RECORDS FOR THE EXERCISE
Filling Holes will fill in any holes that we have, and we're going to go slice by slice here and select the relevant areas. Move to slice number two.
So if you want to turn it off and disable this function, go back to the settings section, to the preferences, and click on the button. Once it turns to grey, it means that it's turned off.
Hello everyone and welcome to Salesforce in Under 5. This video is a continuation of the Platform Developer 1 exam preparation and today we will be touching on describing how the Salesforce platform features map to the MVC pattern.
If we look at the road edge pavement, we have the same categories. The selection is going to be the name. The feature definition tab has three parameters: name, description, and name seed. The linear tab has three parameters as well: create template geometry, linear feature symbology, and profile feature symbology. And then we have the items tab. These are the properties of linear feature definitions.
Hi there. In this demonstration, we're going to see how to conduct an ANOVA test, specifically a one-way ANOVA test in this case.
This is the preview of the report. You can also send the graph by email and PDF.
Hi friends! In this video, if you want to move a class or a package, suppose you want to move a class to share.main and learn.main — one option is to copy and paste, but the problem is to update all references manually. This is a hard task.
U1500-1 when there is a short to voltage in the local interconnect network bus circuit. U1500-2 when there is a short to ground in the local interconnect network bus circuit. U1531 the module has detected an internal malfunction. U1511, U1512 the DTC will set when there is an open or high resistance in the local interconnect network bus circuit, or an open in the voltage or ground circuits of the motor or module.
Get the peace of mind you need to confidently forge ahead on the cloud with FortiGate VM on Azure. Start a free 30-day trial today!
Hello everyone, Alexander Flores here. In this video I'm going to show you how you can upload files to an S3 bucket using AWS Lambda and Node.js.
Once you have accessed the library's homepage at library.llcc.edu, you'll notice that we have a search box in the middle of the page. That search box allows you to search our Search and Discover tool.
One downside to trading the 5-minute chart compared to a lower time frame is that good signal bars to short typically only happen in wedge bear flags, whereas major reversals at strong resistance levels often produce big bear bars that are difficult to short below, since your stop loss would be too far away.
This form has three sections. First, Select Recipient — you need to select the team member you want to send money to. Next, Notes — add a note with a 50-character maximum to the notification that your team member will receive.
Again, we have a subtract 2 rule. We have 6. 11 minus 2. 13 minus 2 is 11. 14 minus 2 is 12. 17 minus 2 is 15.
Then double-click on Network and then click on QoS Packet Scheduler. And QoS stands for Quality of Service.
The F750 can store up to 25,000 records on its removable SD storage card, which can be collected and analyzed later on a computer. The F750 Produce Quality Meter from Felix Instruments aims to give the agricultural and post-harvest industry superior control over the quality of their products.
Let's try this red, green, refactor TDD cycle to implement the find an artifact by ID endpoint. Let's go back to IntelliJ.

WORK INSTRUCTIONS
When the material above is given again, every line must match it exactly.

COMPLETED EXERCISE
Filling Holes will fill in any holes that we have, and we're going to go slice by slice here and select the relevant areas. Move to slice number two.
So if you want to turn it off and disable this function, go back to the settings section, to the preferences, and click on the button. Once it turns to grey, it means that it's turned off.
Hello everyone and welcome to Salesforce in Under 5. This video is a continuation of the Platform Developer 1 exam preparation and today we will be touching on describing how the Salesforce platform features map to the MVC pattern.
If we look at the road edge pavement, we have the same categories. The selection is going to be the name. The feature definition tab has three parameters: name, description, and name seed. The linear tab has three parameters as well: create template geometry, linear feature symbology, and profile feature symbology. And then we have the items tab. These are the properties of linear feature definitions.
Hi there. In this demonstration, we're going to see how to conduct an ANOVA test, specifically a one-way ANOVA test in this case.
This is the preview of the report. You can also send the graph by email and PDF.
Hi friends! In this video, if you want to move a class or a package, suppose you want to move a class to share.main and learn.main — one option is to copy and paste, but the problem is to update all references manually. This is a hard task.
U1500-1 when there is a short to voltage in the local interconnect network bus circuit. U1500-2 when there is a short to ground in the local interconnect network bus circuit. U1531 the module has detected an internal malfunction. U1511, U1512 the DTC will set when there is an open or high resistance in the local interconnect network bus circuit, or an open in the voltage or ground circuits of the motor or module.
Get the peace of mind you need to confidently forge ahead on the cloud with FortiGate VM on Azure. Start a free 30-day trial today!
Hello everyone, Alexander Flores here. In this video I'm going to show you how you can upload files to an S3 bucket using AWS Lambda and Node.js.
Once you have accessed the library's homepage at library.llcc.edu, you'll notice that we have a search box in the middle of the page. That search box allows you to search our Search and Discover tool.
One downside to trading the 5-minute chart compared to a lower time frame is that good signal bars to short typically only happen in wedge bear flags, whereas major reversals at strong resistance levels often produce big bear bars that are difficult to short below, since your stop loss would be too far away.
This form has three sections. First, Select Recipient — you need to select the team member you want to send money to. Next, Notes — add a note with a 50-character maximum to the notification that your team member will receive.
Again, we have a subtract 2 rule. We have 6. 11 minus 2. 13 minus 2 is 11. 14 minus 2 is 12. 17 minus 2 is 15.
Then double-click on Network and then click on QoS Packet Scheduler. And QoS stands for Quality of Service.
The F750 can store up to 25,000 records on its removable SD storage card, which can be collected and analyzed later on a computer. The F750 Produce Quality Meter from Felix Instruments aims to give the agricultural and post-harvest industry superior control over the quality of their products.
Let's try this red, green, refactor TDD cycle to implement the find an artifact by ID endpoint. Let's go back to IntelliJ.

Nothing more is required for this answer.